My cabin at the Dorland Mountain Arts Colony |
Dorland dates back to the 1930s and sits on a beautiful,
sprawling nature preserve. Due to a massive wildfire in 2004, Dorland today
consists of just two brand new cabins (with more in the works) – with one
artist per cabin. I attended with a close friend who is a writer and musician.
Our idea was that we would work during the days and discuss what we were
working on over dinner each night. In fact, I was so absorbed in my writing
that we met only three of the seven nights that we were there, hiked a couple
times in order to clear our heads, but otherwise kept to ourselves. After all,
how often in an adult’s life can she retreat in full from the world?
Every sunset view from my front porch was captivating |
No internet. No TV. Just the necessities: electricity for
my laptop, a well-designed mini-kitchen, expansive views over the valley, a
large writing desk, more tables for writing wherever I felt like situating
myself at any given time, and a wood stove, with wood provided by the caretakers
(also artists-in-residence), Robert and Janice. The couple greeted us upon
arrival, to let us know they were there if we needed them, but otherwise, our
privacy would be respected and our solitude ensured.
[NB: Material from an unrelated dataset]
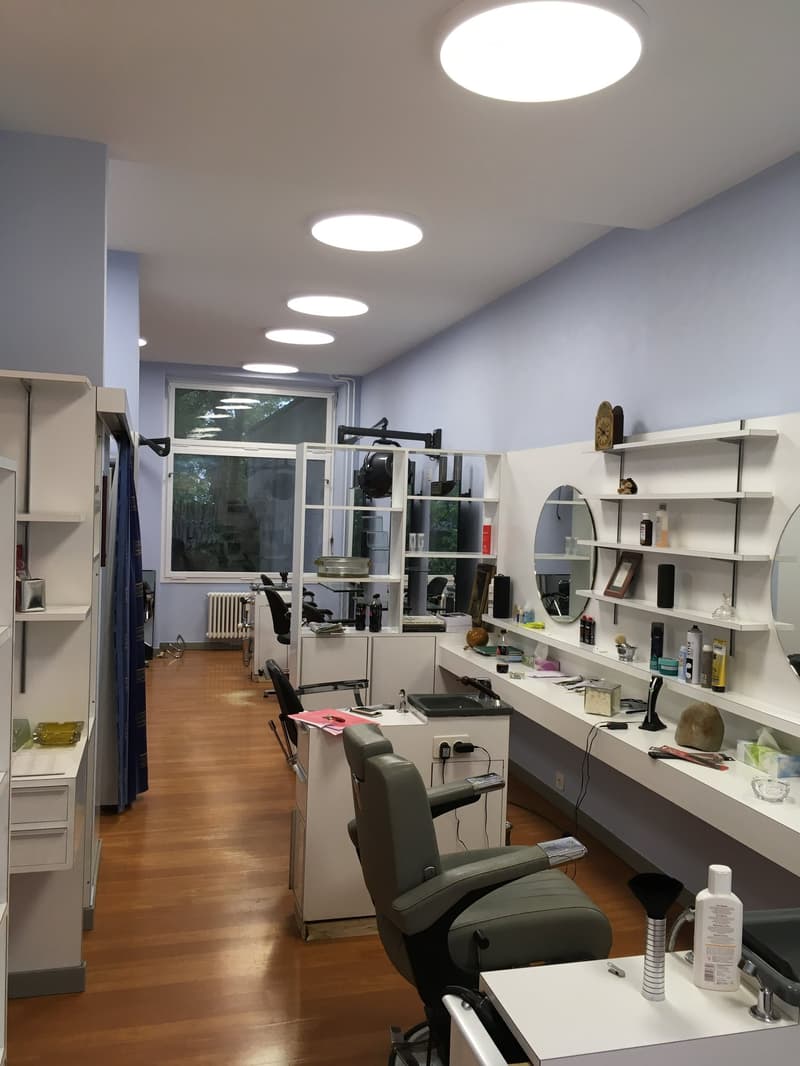 The image shows a beauty salon or hair salon with various equipment and supplies. The room has a modern and organized layout, with shelves and storage units lining the walls. There are several salon chairs and a dishwasher visible, indicating this is a pr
True to their word, they
revealed themselves only once … halfway through the week Robert came down to
check on my stock of firewood and at the same time deliver a slice of homemade
apple pie—tart and flavorful and perfect.
Rain & writing midway through the week |
The first morning of the residency, I felt a bit
disoriented. I did not have to check my emails. I did not have to check a clock
to figure out how much time I had to write before I needed to start work or
take care of countless other daily commitments. As I got started, I could feel
myself writing as if with a harness on. I eased in on my beloved Smith-Corona
Coronet, because the sound of the keys always gives me a boost. Then I
transitioned to my computer, and as the chapter I was working on began to head
in a new, exciting direction, I could feel the restraints falling away. I could
also feel myself being watched.
Room with a view ... of my daily muse! |
I looked up, and there outside my window, just a few feet
from my desk, was a deer, checking up on me before leaning down to nuzzle a
patch of grass. Two more joined in the feast, and in a moment that can only be
described as spiritual, a weight lifted off me. I love my life, but it’s a busy
life, and throughout my week at Dorland I learned how to untangle myself from
the restrictions on my writing that I’d become too accustomed to and slip into
a rhythm in which I could write at any time, at any hour, for as long or as
short a stretch as I wanted. And when I was not writing, I learned that I did not have to give my
mind over to anything else.
Another day, another gorgeous sunset |
Upon arrival at Dorland, I felt a kind of euphoria. The
morning I had to leave, I sat down in my rocking chair in front of my beautiful
view and sobbed. Not because I was sad to go, but because writing with such
freedom for a whole week had been cathartic. I hadn’t realized how much I’d needed
it. Allowing myself that kind of unfettered liberty had been a way of believing
in myself as a “real writer.” Funny how someone who has had a novel published
by a major publisher doesn’t come to that belief naturally. I realized that
attending a colony such as this one was about more than setting aside time to
work. It was about creating a balance of
external and internal space. It was about giving myself permission to take
myself seriously. It was about returning to the reason I started writing in the
first place: it gives me so much pleasure.